Let’s jump right in.
Your in-country marketing managers know their locale, as well as how your brand is positioning itself within it, better than anyone. Their advice and feedback will prove invaluable during the casting process. And during translation, transcreation, and audio production, they can make sure terminology is consistent, implement local usage, and provide feedback on tone and performance.
Your US English voiceover talent is terrific. You can’t imagine a better voice for your brand. Naturally, you want to match this voice as closely as possible in your foreign markets.
Except that each marketplace has different cultural expectations. What might work well for you in the US may not be as great elsewhere. For example, Japanese voiceover has certain broadcast standards which listeners expect, and which may not line up to your English-language performance completely.
Aside from cultural differences, each actor is unique. A Spanish voiceover actor who matches your brand’s energy and professionalism in a Latin American context, for example, may not have the same voice profile (pitch, tone, breathiness, timbre, etc.) as your English-language one.
Your in-country marketing managers will be invaluable here – they’ll know when an actor is just right for your local market, even if they don’t sound exactly like your US voice.
Your US-based marketing team spent countless hours casting just the right actor.

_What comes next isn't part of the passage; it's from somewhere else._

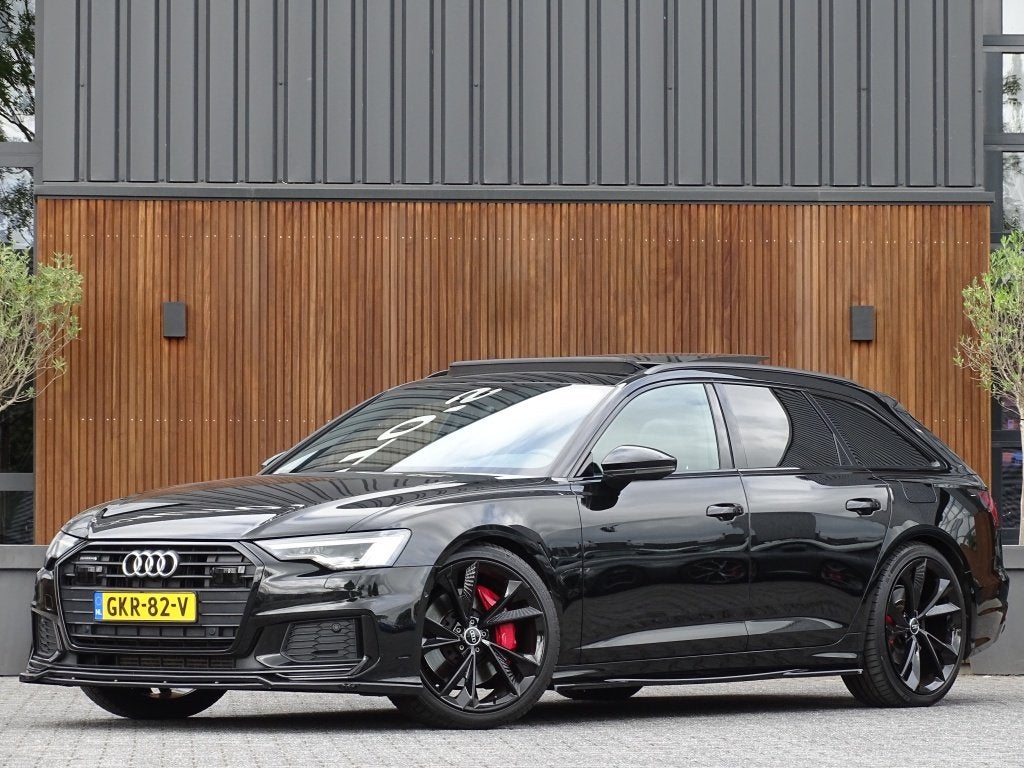 Audi A6 Avant 55 TFSI e 367PK Quattro / S6 Edition / Competi, Auto's, Audi, Bedrijf, Te koop, A6, ABS, Achteruitrijcamera, Adaptive Cruise Control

They waded through submissions, discussed each one at length, and possibly asked for multiple rounds of call-backs. Casting is a complex – and no less so in foreign languages.

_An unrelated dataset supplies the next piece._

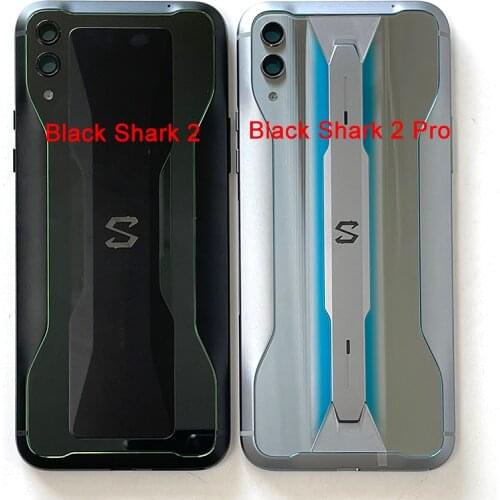 6.39"Original For Xiaomi BlackShark 2 SKW-H0/A0 Battery Cover Housing Camera Frame Lens For Black Shark 2 Pro 2Pro+Side Keys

In fact, foreign languages can add challenges. For example, some languages don’t have as many speakers as US English – there are approximately 95 million native German speakers, and that affects the overall number of German voiceover talents available. (Don’t worry – there are still plenty of great German talents.) The takeaway – allow healthy casting timelines for foreign languages.
It’s impossible for a non-native speaker of a language – say, French – to tell whether someone else is or isn’t native. And actors with basic fluency or even a little high school French apply for French voiceover jobs all the time – this is true in all languages. Moreover, you don’t want to get into the final round of auditions to find that your favorite talent has a non-native accent. Therefore, make sure you cast through a multimedia localization vendor that guarantees native fluency – like JBI Studios.

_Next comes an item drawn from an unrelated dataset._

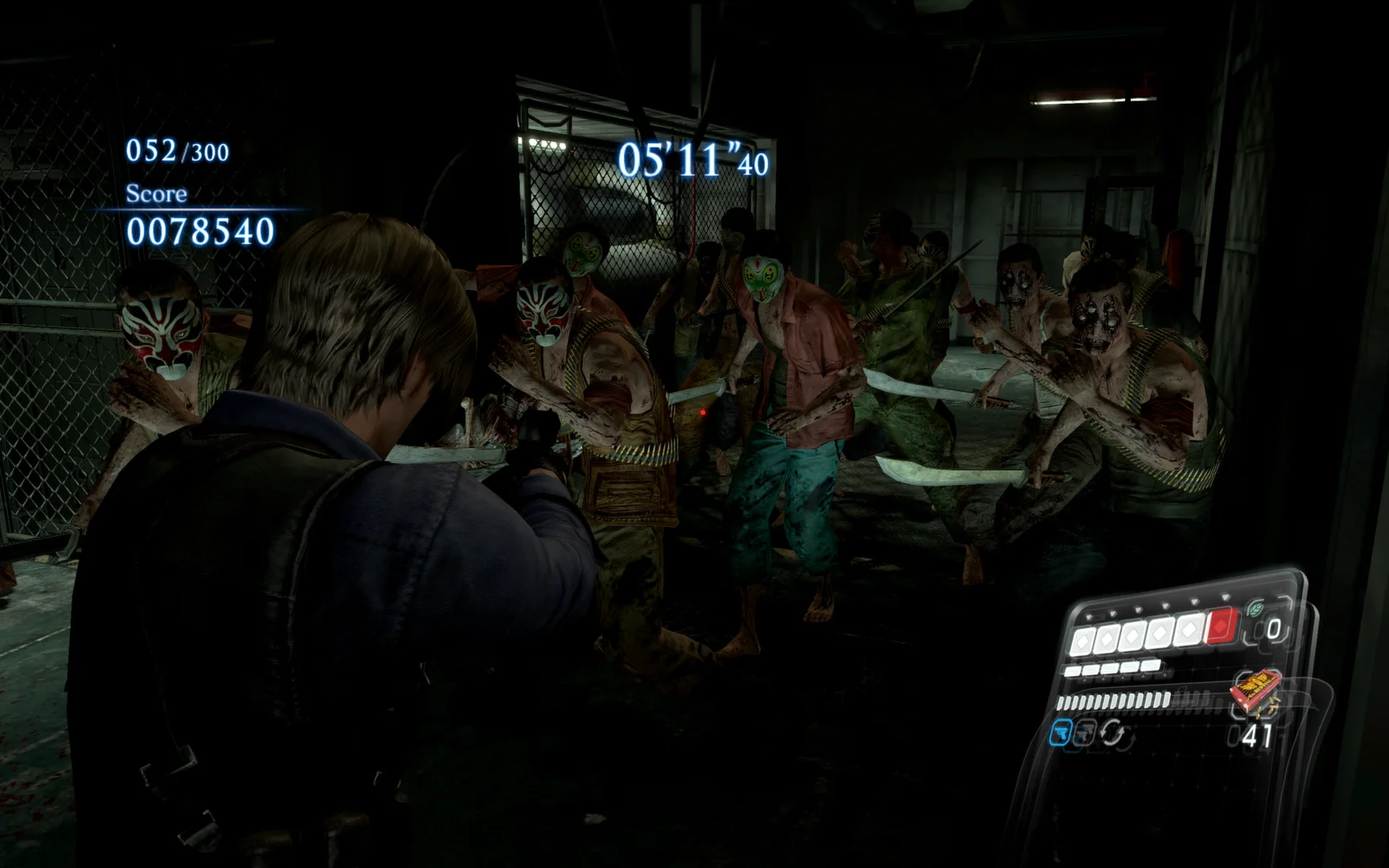 Resident Evil 6 screenshot 11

This voice actor will do a lot of work for you, over many years. He or she will record hundreds of hours of audio, video dubbing, phone prompts, promos, app strings – and anything else that’s part of your multimedia suite. Therefore, try to cast the actor for his or her “resting voice” – a voice that’s not too far from their natural speaking voice. Accents, pitch changes and tonal variations are hard to maintain, especially during long sessions and over long periods of time.
Marketing localization timelines are often compressed – that’s just the nature of the industry. But casting takes time. Remember, you’re often casting from smaller native-speaker populations, and having to get buy-in from in-country managers as well as your US-based marketing team. And actors don’t always respond to casting calls the first day they’re up – if they’re on a film set or long VO project, they may not submit for a few days. So start casting as early as possible in your localization timeline. This will give you the best chance to find the right voices – ones that will strengthen your brand presence outside the US.